後悔先に立たず






 「後悔先に立たず」とは言うものの、なぜ後悔は先に立たないのか。それをふと思いついた。後悔というのは今生きている人間の地平にはないものだからだ。当然後ろ髪を引かれるような気持になるわけだが、でもいくらそうであってもその事実というのはもうすでに今現在の地平にはない。
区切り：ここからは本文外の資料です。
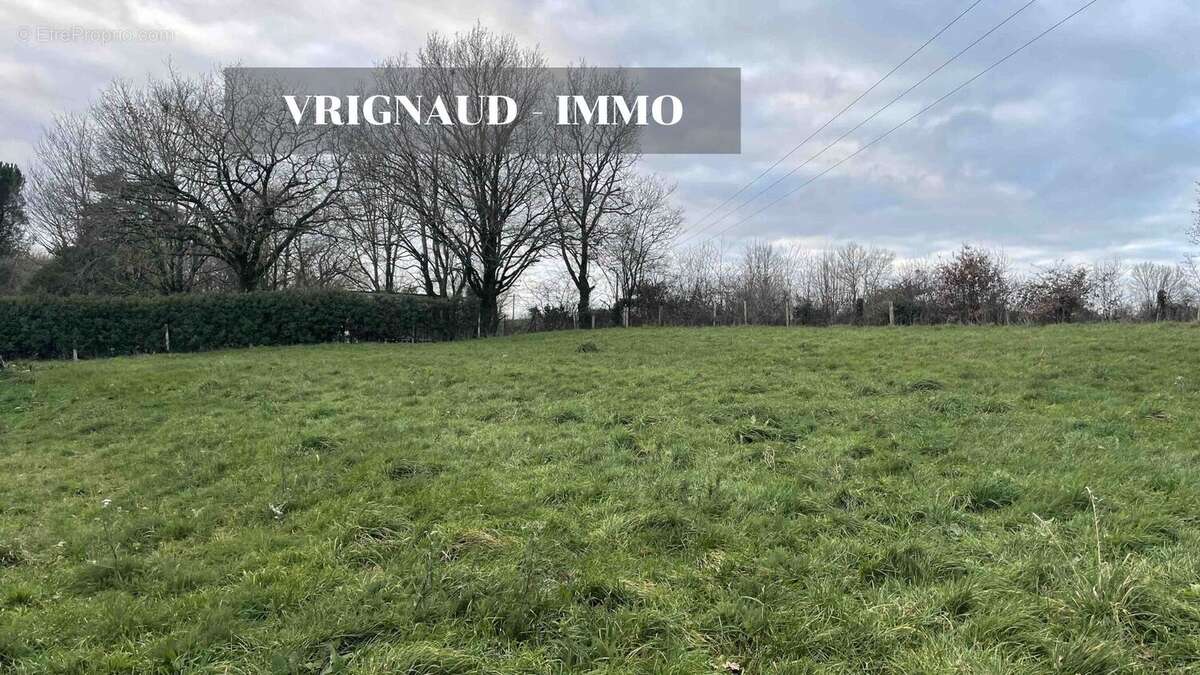 Terrain à LES HERBIERS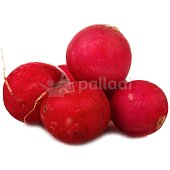 Редис КФХ Остров 300г 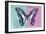 Miss Butterfly Graphium Profil - Turquoise & Pink-Philippe Hugonnard-Framed Photographic Print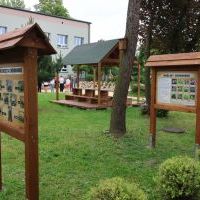 Eko pracownia 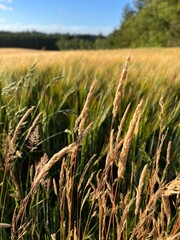 wheat field in the wind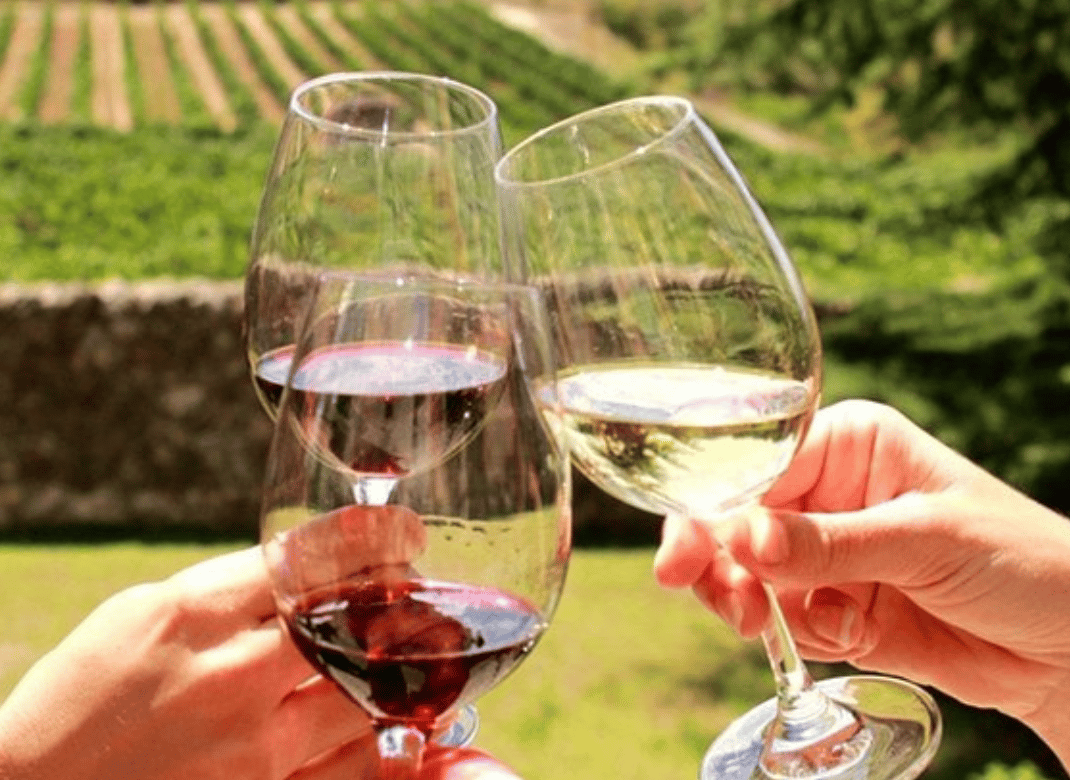 Stellenbosch: Half-Day Wine Tour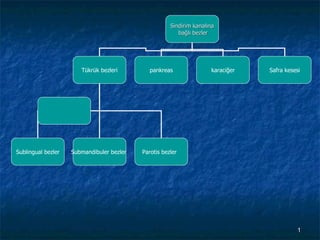 Sindirim kanalına bağlı bezler Tükrük bezleri pankreas karaciğer Safra kesesi Sublingual bezler Submandibuler bezler  Parotis bezler  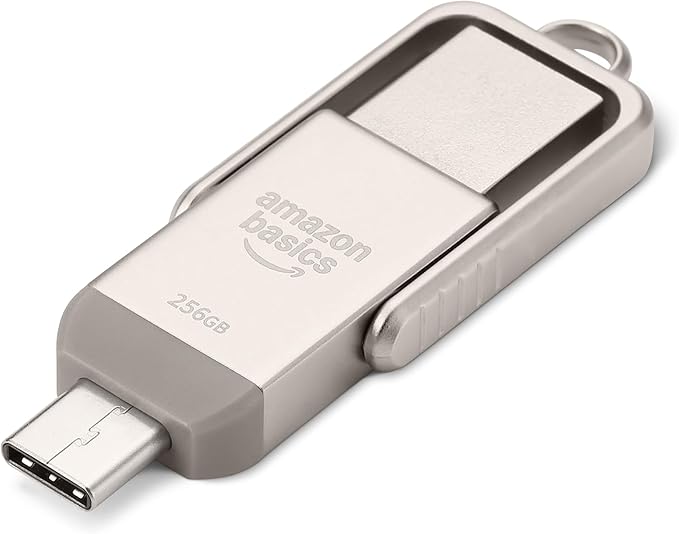 Amazon Basics USB Flash Drive, Thumb Drive Memory Stick with USB C and USB A Dual Ports, 256GB, Champagne Silver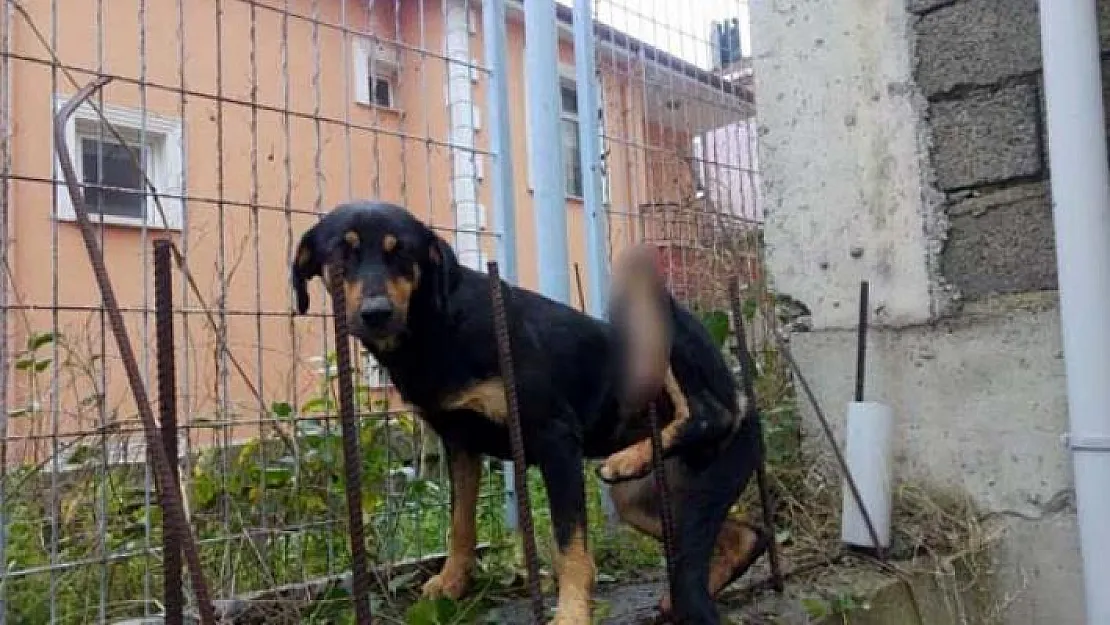 Zonguldak Alaplı'da Köpeğin bu halini görenler yardıma koştu ama...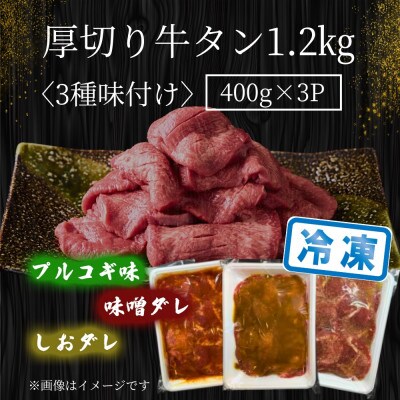厚切り牛タン 3種の味付け《プルコギ・塩ダレ・味噌ダレ》1.2kg(大川市)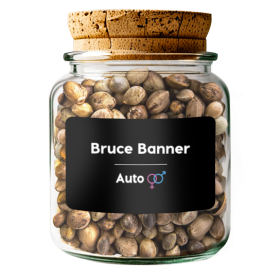 Bruce Banner Auto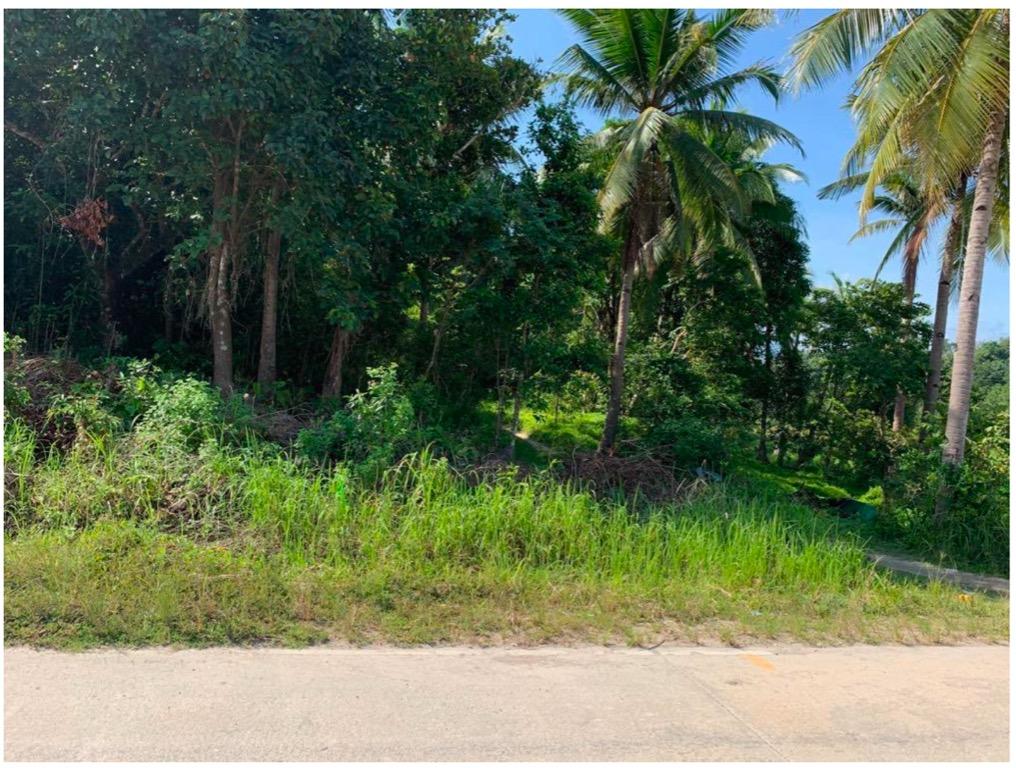 For Sale Agricultural Lot in San Vicente, Palawan for only P1500/sqm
 ・つまり、三国志ネタで言えば(三国志知らない人には申し訳ない)
 「ああどうして諸葛亮はあのタイミングで死んでしまったのか!」と嘆くようなものである。あそこで死んでいなければと言ったところでもう死んでいるわけだから生き返らせることなどできるわけもなく。
 じゃあ
 「ああ諸葛亮が死ぬ前にもう少し負担を和らげることはできなかったのか!」これはもう少しいい後悔かもしれない。それによって諸葛亮はあと10年は生きることは出来たかもしれず、まあ既に諸葛亮は死んでいるわけだが、それでも先に繋がるマシな後悔だと言えるだろう。マシなというのが重要で、上に書いたような「ああどうして諸葛亮はあのタイミングで死んでしまったのか!」こんなことをいくら嘆いても本当に仕方がない。なんの役にもたたないどころか人生を食らい続けるという本当に厄介な部類の後悔だと思う。そしてそういう後悔を本当に人はしてしまうのだ。理屈ではないし、そこには筋もない。そこにはまり込んでしまう可能性があるというのが本当に人という生き物の本当に厄介なところだと思う。人という生き物のもつ致命的バグのひとつだと言っていい。そしてこの種の後悔は、今見えている地平上でのものを全て薙ぎ払うように破壊し続ける。


 ・ここでじゃあ何が言いたいか。
 後悔するにも筋を通すべきだということだ。じゃあ何が筋かって、それが後悔である以上、それは既にこの地平には存在しない類のものであるということをきちんと認識する。それが筋だ。だから、これはゲームで「あーあそこで死んでなければハイスコアを更新できたのに」とか
「鳥であれば、空が飛べたのに(なんでオレは人間で生まれてきてしまったんだちくしょう)」というものとまったく変わらない性質である。後悔というものがその性質上、この地平上に全く存在しないものであるというわけなのだから、それはつまり地平に存在しないものというカテゴリ上で迷うべきなんだということ。それをあたかもこの地平上にあるかのように錯覚し続けて解決しない、解消しようとしないというのは卑怯だということだ。
 ゲームのことを「いやいや、そんな後悔しなくたって所詮ゲームの話じゃないか。何をそんなに後悔してるの、いやそんなに後悔せんでも」というように、それと同じ形でそれはやはり解消されなくてはならない。この地平上にないという点で共通しているのだから、それと同じ図式で解消される必要がある。そしてそういう形で解消されるということを迷ってはならない。いくら迷っても悩んでも、それというのはこの地平上には既にないものなのだから。